Florida is ahead of the curve on job growth and is the bellweather of other trends, said Hernando Perez, a director at Franklin Street. “Rent growth may soften, but overall it’s a very strong market. Vacancy is the lowest it’s ever been in the history of real estate nationally, which bodes well for owners.”
Class A assets, those in the $15 million to $20 million range, are almost impossible to acquire for most private investors, who are the bulk of Franklin Street clients. Institutional investors usually buy those properties he said.
“The airspace is very crowded in classes B and C,” said Mr. Perez. “There is incredible demand. It’s a sellers’ market, and having little competition from single-family home strengthens the value proposition.”

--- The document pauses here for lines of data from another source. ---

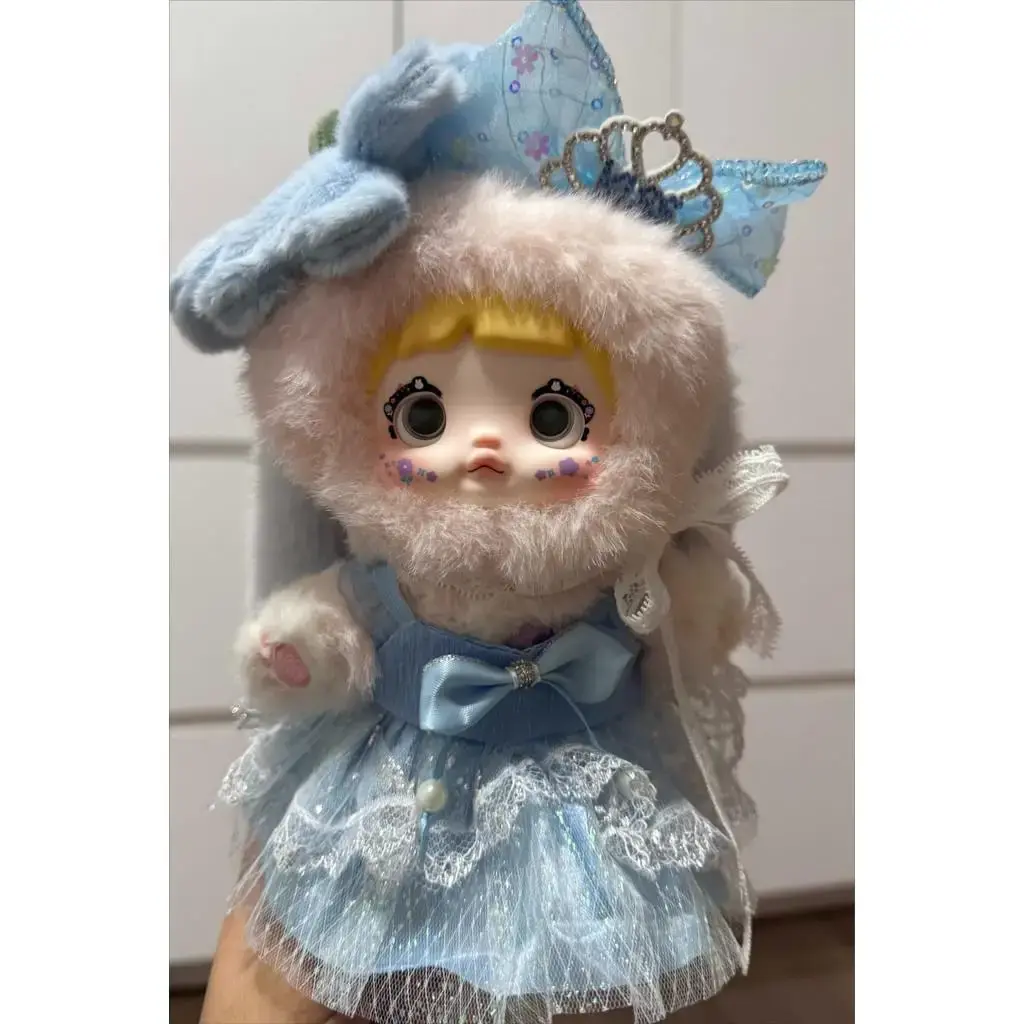 For 20cm doll cloth/ Nommi cotton doll cute and sweet Lolita dress replacememt clothes small skirt for doll cloth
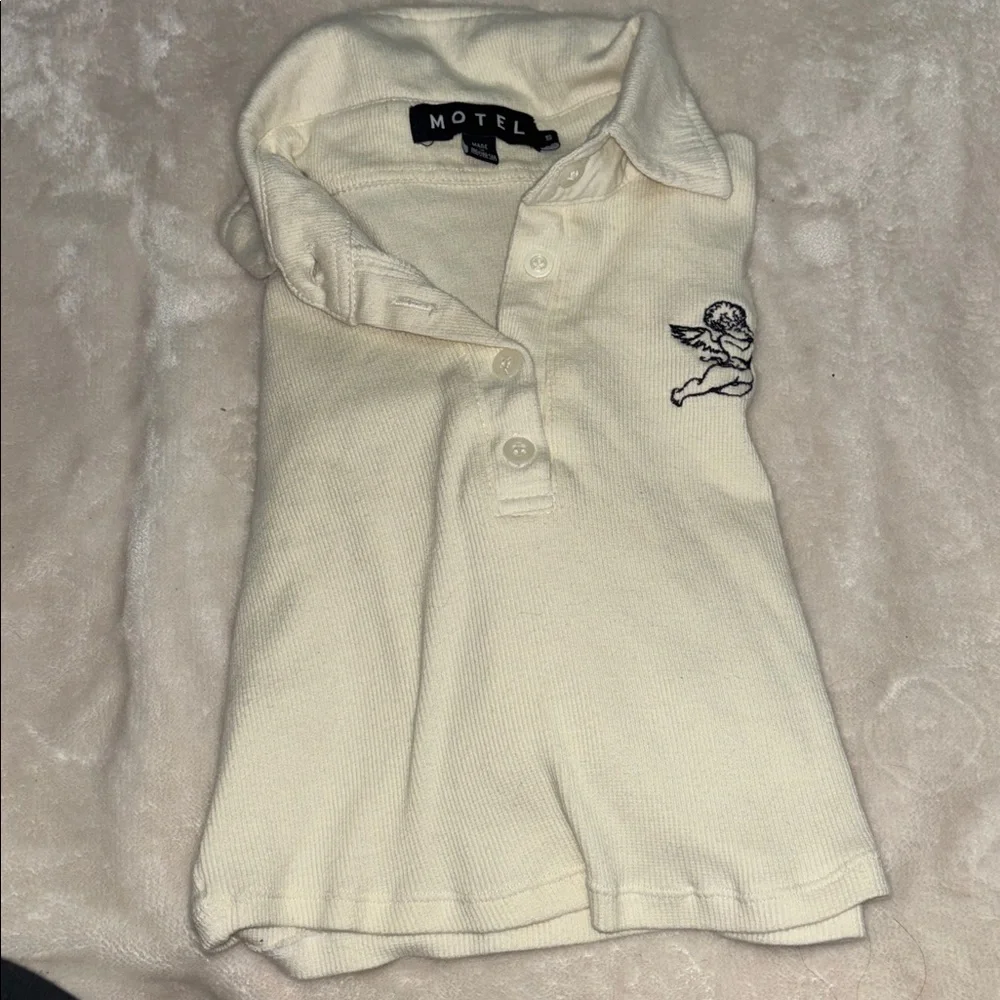 Motel long sleeve embroidered top - Picture 4 of 4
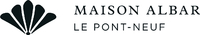 Logo MAISON ALBAR - LE PONT NEUF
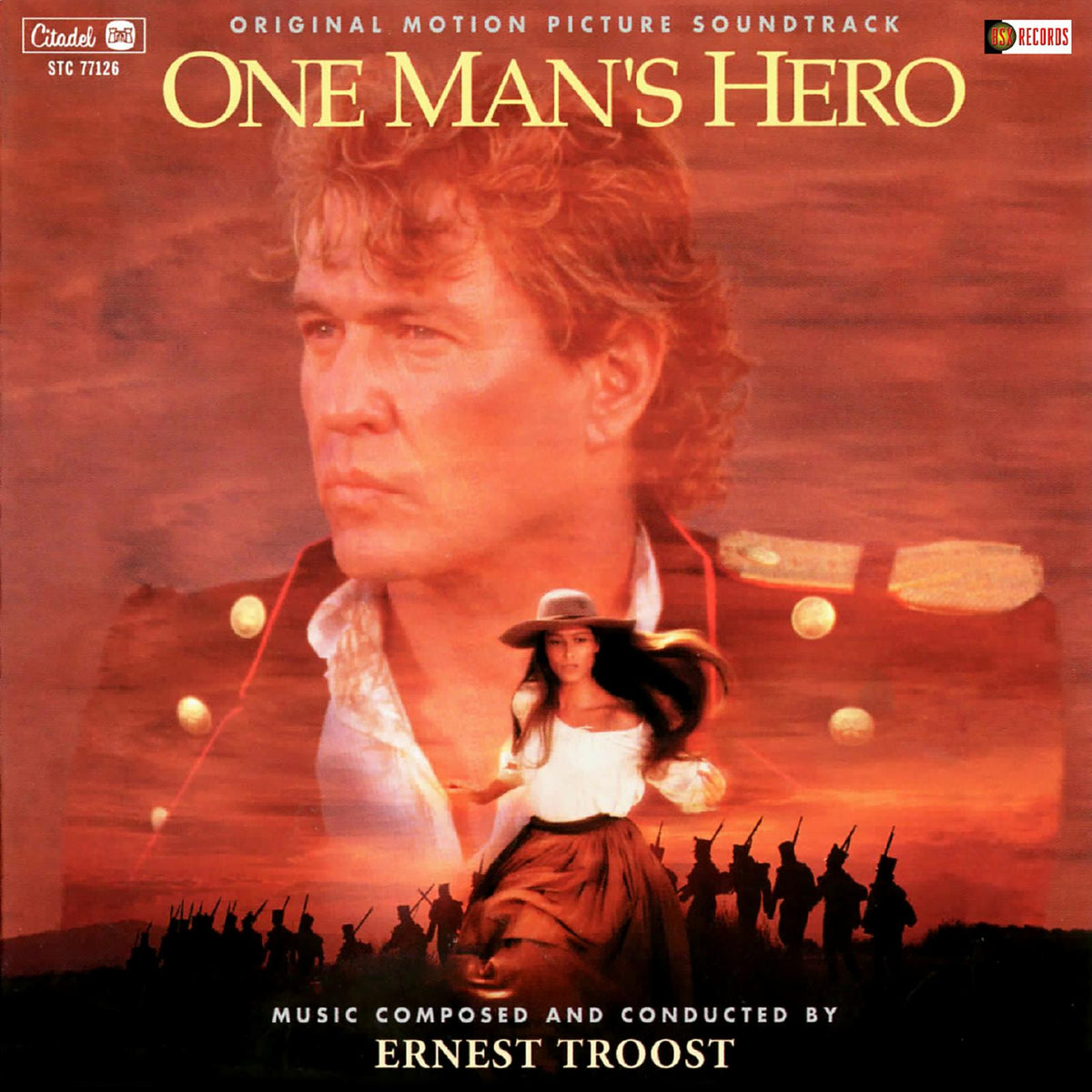 Ernest Troost - One Man's Hero (Original Soundtrack) - STC77126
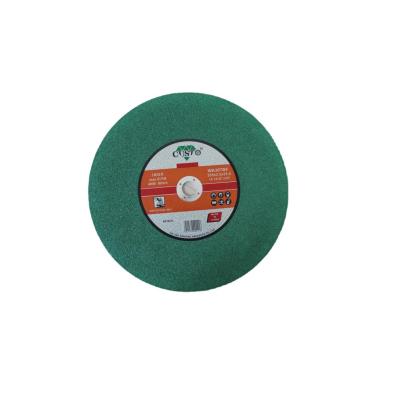 China Wholesale Alunimium Oxide Customization Cut Out Wheels For Stationary Machines 41With A 1net Green Color Durability Upper Cutting Disc for sale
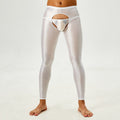 Silky, Form-fitting Capri Leggings With A Breathable Design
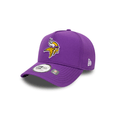 NEW ERA 9FORTY E FRAME NFL MINNESOTA VIKINGS TEAM COLORS GORRA AJUSTABLE MORADO
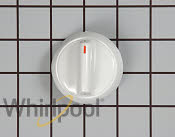 Thermostat Knob - Part # 923182 Mfg Part # WP98008321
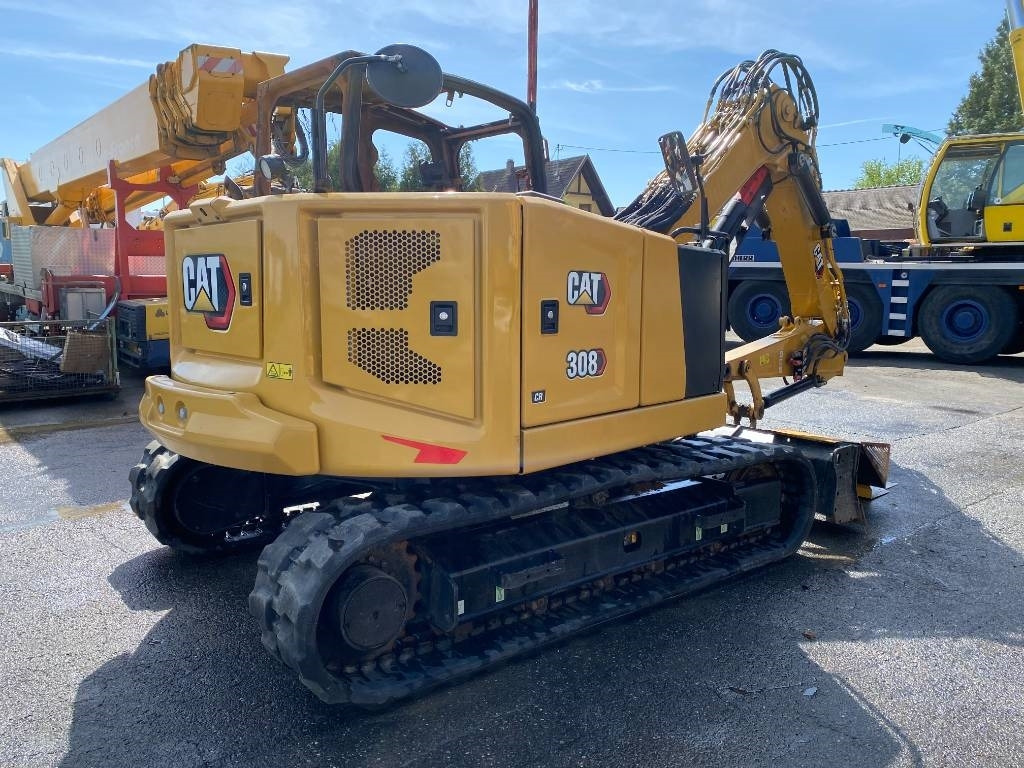 CAT 308 CR avec Certificat CE - Miniexcavadora: foto 4 CAT 308 CR avec Certificat CE - Miniexcavadora: foto 4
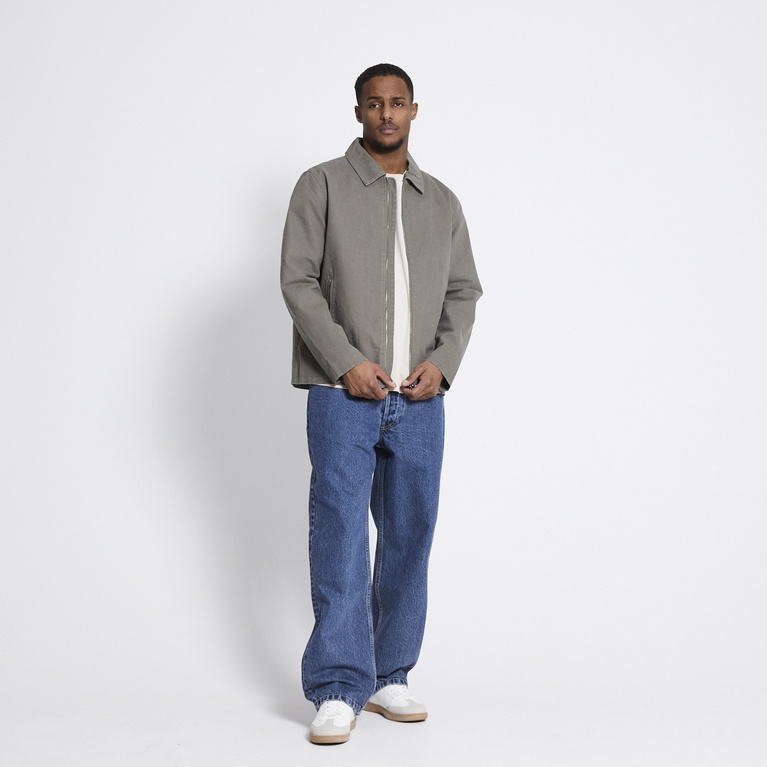 Canvas jacket "Celvin" Army Green
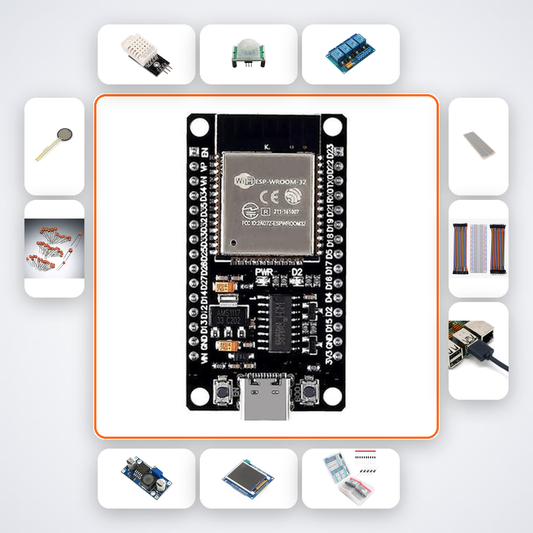 Pet Activity Monitor Advanced Kit with ESP32 + DHT22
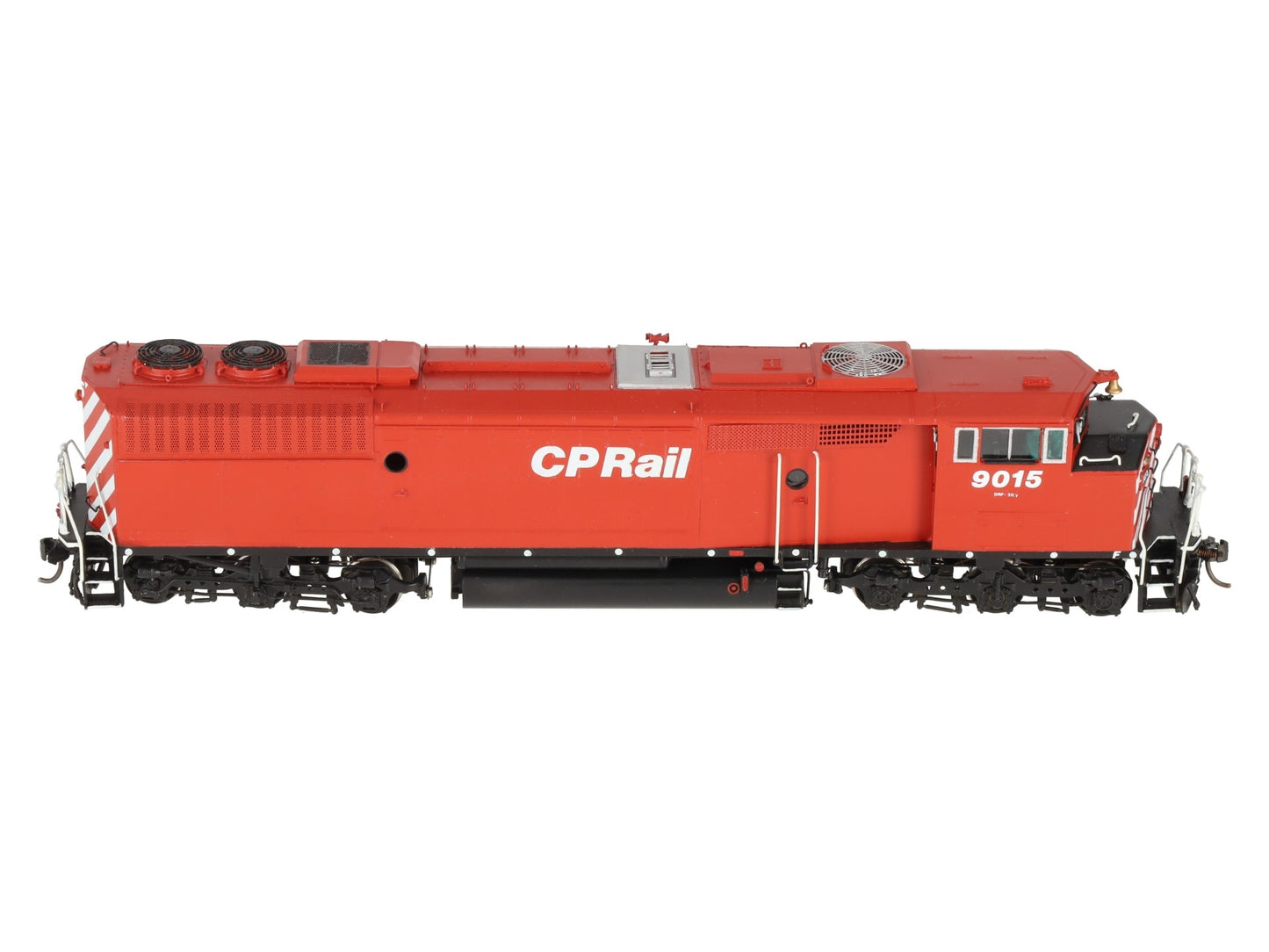 Overland 5155 HO BRASS Canadian Pacific SD40-2F Diesel Locomotive #9015 EX/Box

Across the country, 370,000 units of multifamily housing will be delivered this year, he said. “We’re more likely to go back to a concession-driven market.”
The only caveat is that many of these new units will most likely be developed in San Francisco, San Jose, Nashville and Dallas-Fort Worth area, residential hot spots in the US. Though many say that South Florida rents are high, this area is ranked eighth or ninth most expensive in the country, and even that is a relatively recent development, he said.
New projects are coming out of the ground in downtown, in Edgewater, Little Haiti, Little River and Allapattah, he said.
“Development is going north, and caters to people who were priced out of Wynwood and Midtown,” he said. “It’s inevitable. I see continued strength in the market at least for the next 18 to 24 months.”